Gabriel Zgunea, Corporate Intelligence Agency: In general, in ESG, everyone cosmeticizes nicely
Gabriel Zgunea, Corporate Intelligence Agency: In general, in ESG, everyone cosmeticizes nicely
3-4 minutes
Author: Radu Pircă 13.06.2023
ESG fraud in Romania? Answers from Gabriel Zgunea, CEO of the Corporate Intelligence Agency, a company specialized in providing risk management and intelligence services for the private sector.
"The most common type of fraud in Romania is private corruption, especially in the area of kickback, bribery," said Gabriel Zgunea at the ESG Compliance & Fraud Risk Management Conference 2023, an event organized by Govnet. "In the ESG area everybody cosmetizes very nicely the company and the data to report. Everybody fulfills all the check-box requirements that theoretically need to be ticked. Practically, a lot of it is ticked for the sake of being ticked."
The CEO of the Corporate Intelligence Agency also gave an example: a large wine producer from across the Prut that has all the certifications, "ticks an extraordinarily nice declaration". But almost 501TPTP3T of the wines they put on sale that they claim were sourced from their vineyards come from Portugal, from producers who have no connection to ESG standards. "On a minimal check they didn't even know what it meant".

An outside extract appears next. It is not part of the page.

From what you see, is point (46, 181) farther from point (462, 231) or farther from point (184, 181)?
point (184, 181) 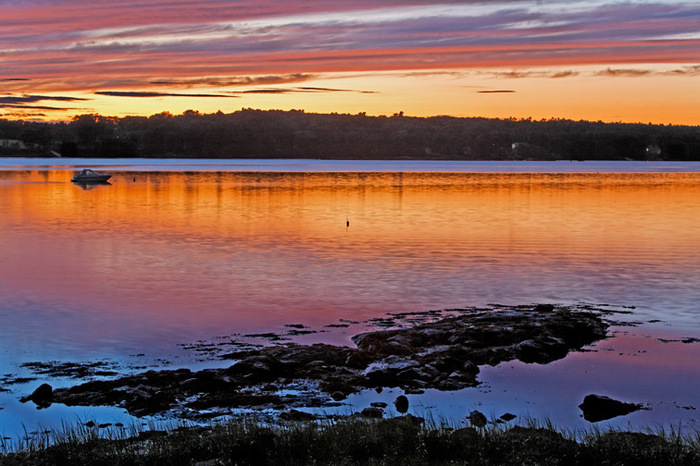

"Whoever swears in red that by 2030 it will be the cleanest and greenest creates room for less well-intentioned managers to take advantage, gain a competitive advantage over their competitors and mislead their partners." Gabriel Zgunea, CEO Corporate Intelligence Agency.
The Corporate Intelligence Agency has been doing supplier chain audits for companies for almost 2 years. Unfortunately, says Gabriel Zgunea, things almost never 100% turn out the way the supplier claimed.
This is also the case for investment funds that want to invest in companies. Checks show that these companies "get so cosmeticized that when you do an on-the-ground, grass-roots investigation, you almost don't know which company you're looking at. When you read what they've said versus what's on the ground, it's like you're somewhere else," said the CEO of the Corporate Intelligence Agency.